I was so happy when I found out that there was a second book in this series as I was so mad with the way the first one, Delirium, ended. It sucked that she lost her love, Alex at the end. In a way it made me as mad as the first and only Nicholas Sparks book I ever read, in that it made me feel all good inside and like the system could be overcome and people could be happy, but then BAM! true love is gone because one of them dies.
Pandemonimum is a really good second book. As many sophomore books have been lately, they've just kind of moved the series along, didn't necessarily quite live up to the original, but were necessary to keep the series going. This one blows that all away. It moves the story along with enough action and plot to keep up with the original in my opinion.

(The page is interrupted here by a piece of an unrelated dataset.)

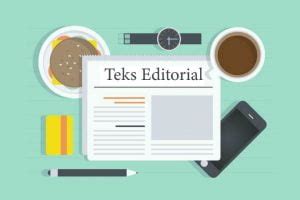 Contoh Teks Editorial beserta Strukturnya (Berbagai Tema) - serupa.id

Lena is now living in the Wilds. We are told her story through flashbacks in between what is happening when she must re-enter the Society to help with furthering the fight for those who want their own choice to love or not. When she first gets to the Wilds she is in bad shape, she has been on the run, by herself, and without Alex, she doesn't know how to survive, and so barely manages to stay alive, until she is found by members of the resistance, or Invalids, as they are called in the cities. They nurse her back to health, and soon require her to start contributing to their camp in a way that everyone else does. And as soon as she does start feeling better, Lena goes back to what we know she loved best in Delirium, running. Every winter they must move their camp south in order to survive. And they must send scouts out to make sure their way is safe. Well, as they move along, sooner than planned due to a message from their contacts on the inside that things have gone wrong, they end up losing a few of their group. This sends them in to the city to try to help further the resistance. Lena must go in undercover, and join into the opposition as a member. At a big rally, things go wrong. Lena is following Julian, the leader of the DFA - Deliria Free America's son. And she gets kidnapped at the same time he does. They must fight their way out to freedom, and find that there may have been some betrayal by someone they wouldn't have suspected.

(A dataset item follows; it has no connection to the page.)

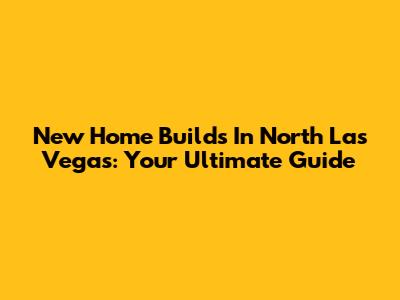 New Home Builds In North Las Vegas: Your Ultimate Guide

Often books that jump back and forth like this can be confusing, but the way the author does this really worked for me. I really liked this book, except for the ending, mind you.
One other thing I have to point out that amused me so much I had to tweet about it as I read it. The vans that are used kind of as police type vehicles, they have the name of the department, the City of New York, Department of Correction, Reform, and Purification as an acronym which reads: CRAP. Funny? Or is it just me?
I will be counting this as the "O" in my A-Z Book Challenge for the author's last name.